* About this exercise: The whole listing should be retyped word for word, apart from the pictures it holds.

* Dataset content:
[Start of Attachment]
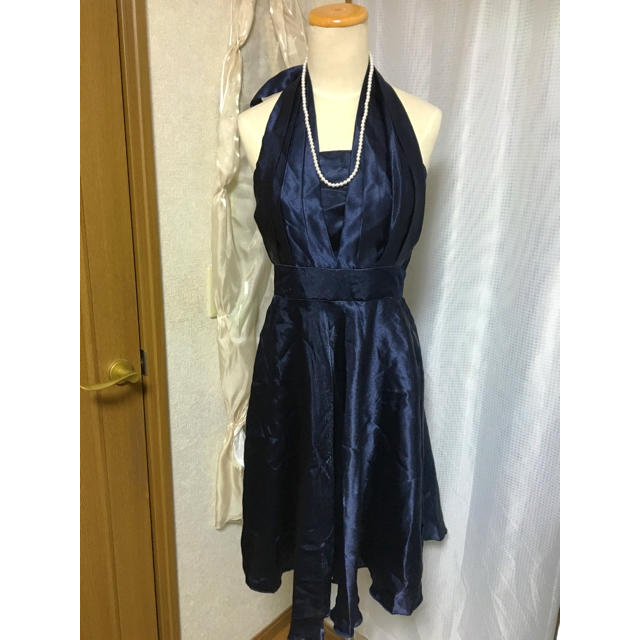 ＊ホルターネックドレス 膝丈 美品 レディースのフォーマル/ドレス(ミディアムドレス)の商品写真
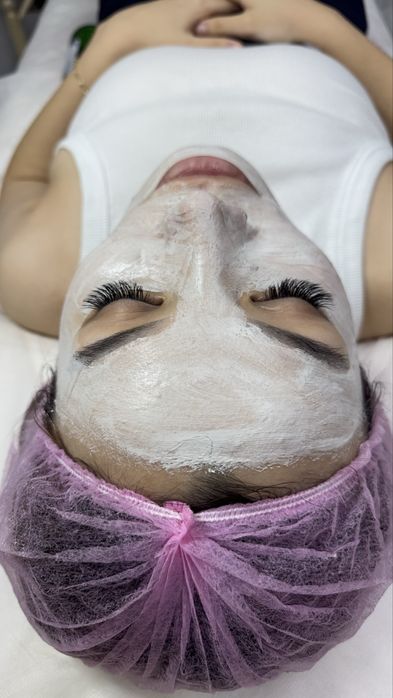 Cosmetolga chistka piling Erkeylar va ayollar uchun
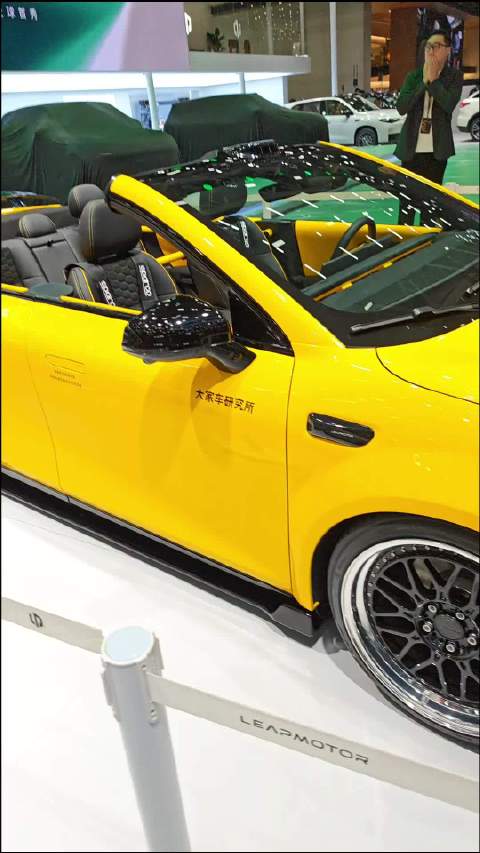 零跑lafa5敞篷版，卖15万，能不能卖爆？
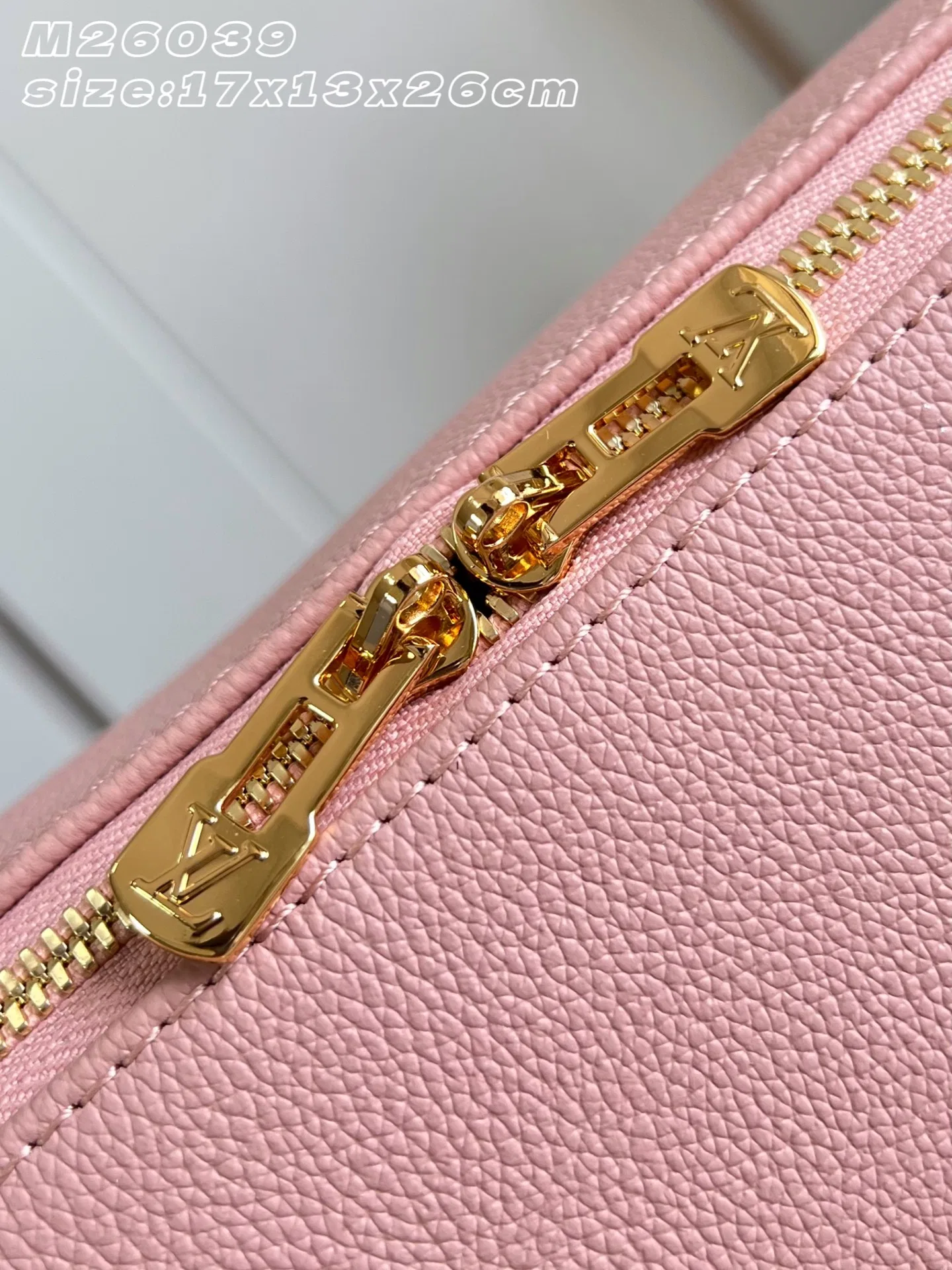 LV 27FW EJMGZXH 099 토트백 10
[End of Attachment]
* Response area:
 ＊ホルターネックドレス 膝丈 美品 レディースのフォーマル/ドレス(ミディアムドレス)の商品写真
 Cosmetolga chistka piling Erkeylar va ayollar uchun
 零跑lafa5敞篷版，卖15万，能不能卖爆？
 LV 27FW EJMGZXH 099 토트백 10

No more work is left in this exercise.